Retype, word for word, the line holding "De închiriat garsonieră spatioasă - Poză 10" and every line below it to the end of the listing. Leave out the pictures.

********

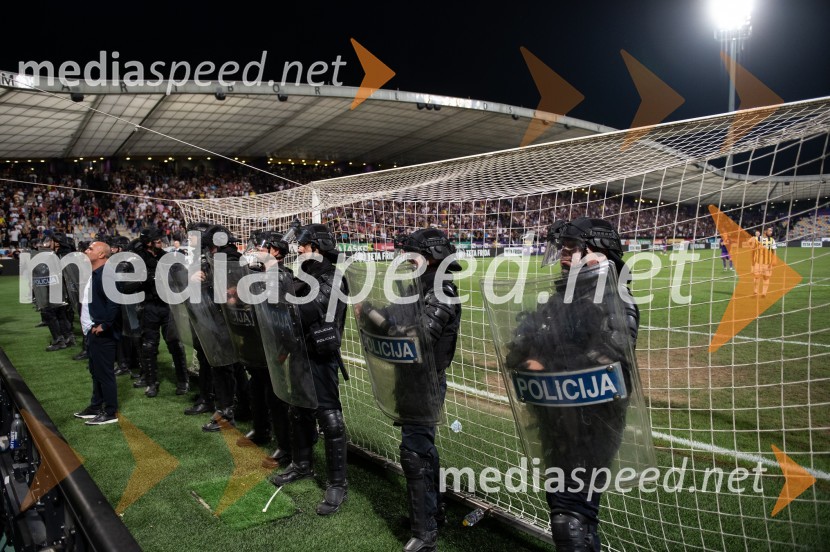 Nogometaši Maribora izgubili tekmo proti Fenerbahčeju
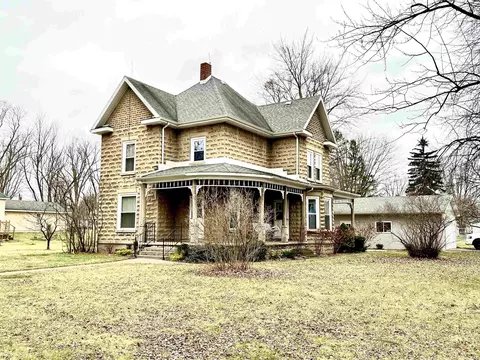 309 N Sixth, Coleman, MI 48618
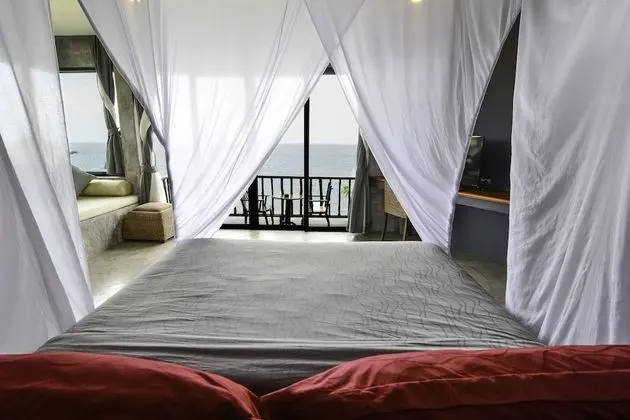 Deluxe Ocean View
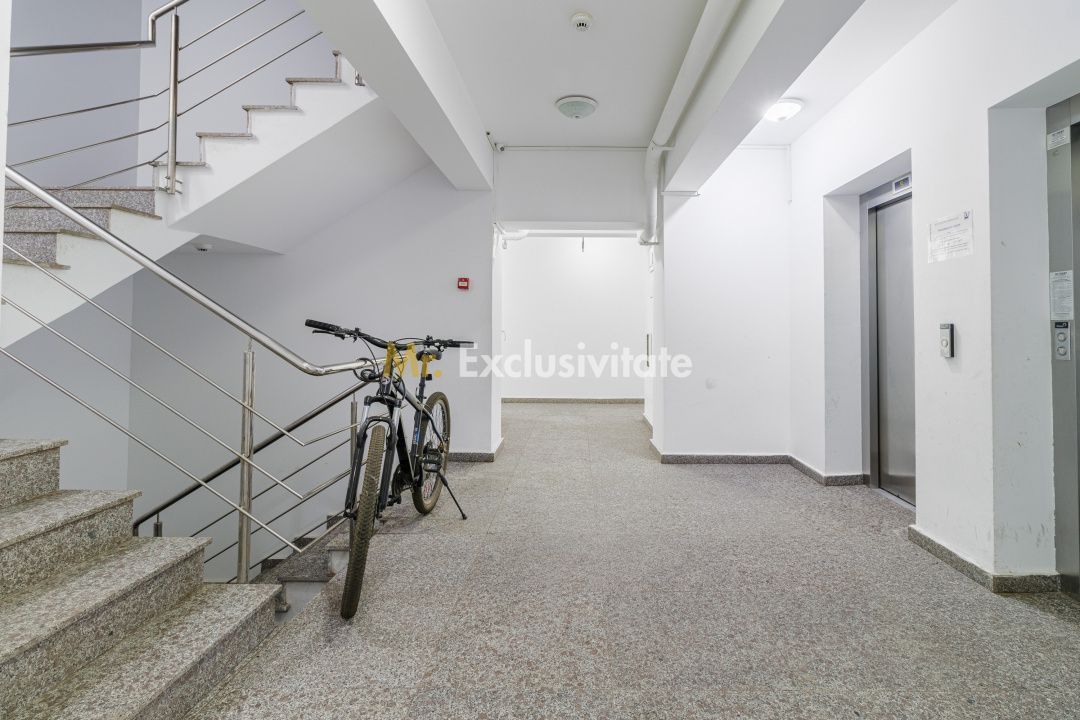 De închiriat garsonieră spatioasă - Poză 10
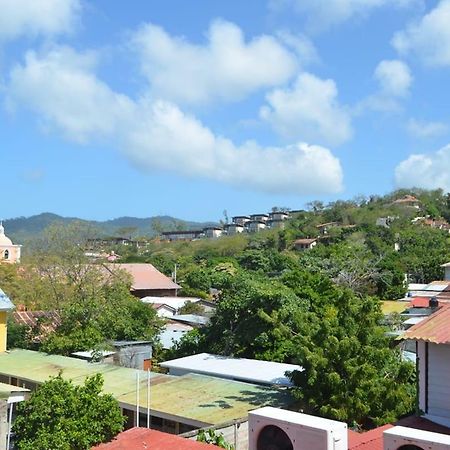 Hotel Encanto Del Sur 南圣胡安 外观 照片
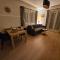Apartmán Buky 2 s krytou terasou a grillem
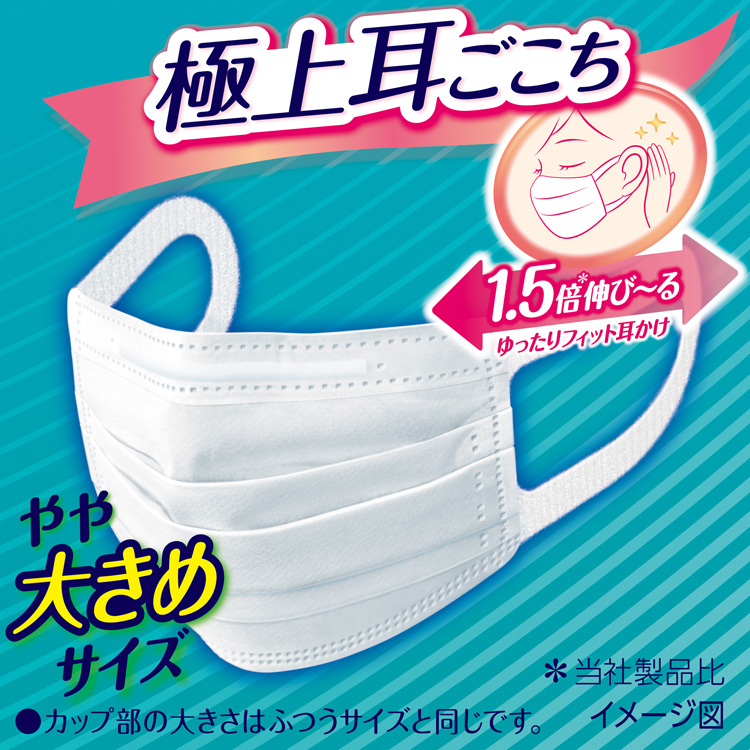 KIWAMI マスク Mサイズ 5枚入り 日本製 弥勒102セット 和の彩りが初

********

Solution to the exercise:
 De închiriat garsonieră spatioasă - Poză 10
 Hotel Encanto Del Sur 南圣胡安 外观 照片
Apartmán Buky 2 s krytou terasou a grillem
 KIWAMI マスク Mサイズ 5枚入り 日本製 弥勒102セット 和の彩りが初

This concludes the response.